Luigi Einaudi (1874-1961) – Un artìcolo del 1924
“Non approvano le minacce; ma, affettando di considerare gli agitati gridatori come degli innocui maniaci insistono sulla necessità di un governo forte… La preferenza per la pace sociale imposta dal governo è consigliata dall’amore del quieto vivere”
Corriere della Sera. 6 agosto 1924
Le rappresentanze degli industriali, dei commercianti e degli uomini d’affari si sono finora mantenute in un silenzio così prolungato intorno agli avvenimenti politici più recenti da far dubitare forte se esso non sia il frutto di una meditata deliberazione. Contro lo stato di illegalismo, contro le minacce di seconda ondata, contro la soppressione della libertà di stampa hanno protestato i giornali, i collegi professionali degli avvocati, i partiti politici pure aderenti al governo attuale, come i liberali, ed alta si è sentita ieri la voce dei combattenti. Soltanto i capitani dell’Italia economica tacciono.
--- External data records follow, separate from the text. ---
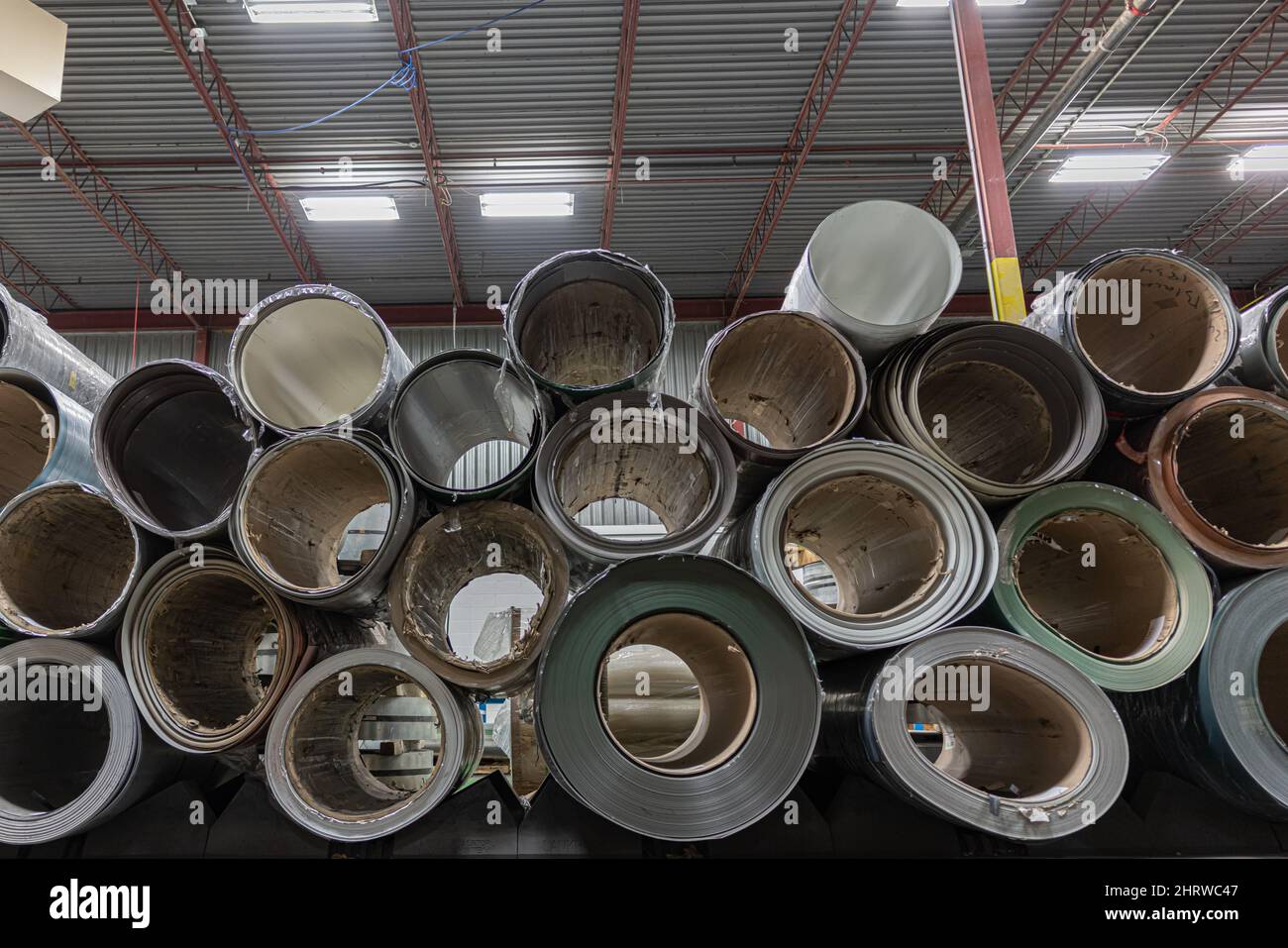 Stapel von Metallwalzen aus Spiralstahl in der Metalldachfabrik Stockfoto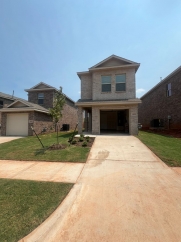 A thoughtfully designed two-story home with low-maintenance appeal!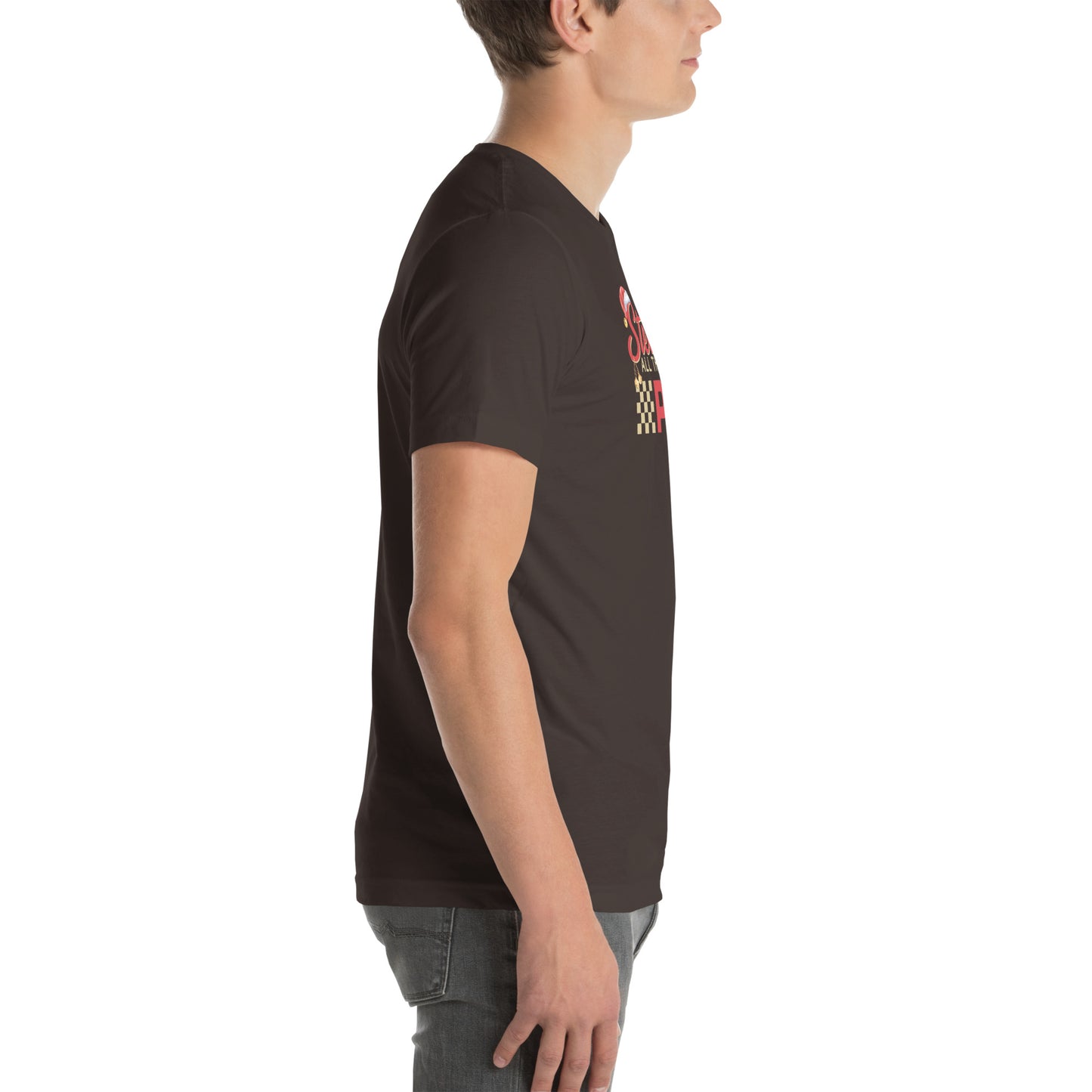 Side view of an adult model facing the right edge of the screen wearing a brown short-sleeve T-shirt you can see the edge of a red and gold design on the front of the shirt. The background is white.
Se si discorre con taluno di essi, con coloro che si può supporre rappresentino gli interessi più larghi dell’economia nazionale, l’impressione che se ne ricava non è già quella di approvazione delle esorbitanze verbali degli estremisti del fascismo, e dei frenetici di dittature e di plotoni d’esecuzione. Gli industriali non approvano le minacce; ma, affettando di considerare gli agitati gridatori come degli innocui maniaci, insistono sulla necessità preminente di un governo forte; e ritengono che la tranquillità
sociale, l’assenza degli scioperi, la ripresa intensa del lavoro, il pareggio del bilancio siano beni tangibili, effettivi, di gran lunga superiori al danno della mancanza di libertà politica, la quale, dopotutto, interessa una minoranza
infima degli italiani, alle cui sorti essi scarsamente si interessano. Prima bisogna lavorare, produrre, creare le condizioni materiali di una vita larga; il pensare, il battagliare politicamente sono beni puramente ideali, dei quali si può anche fare a meno.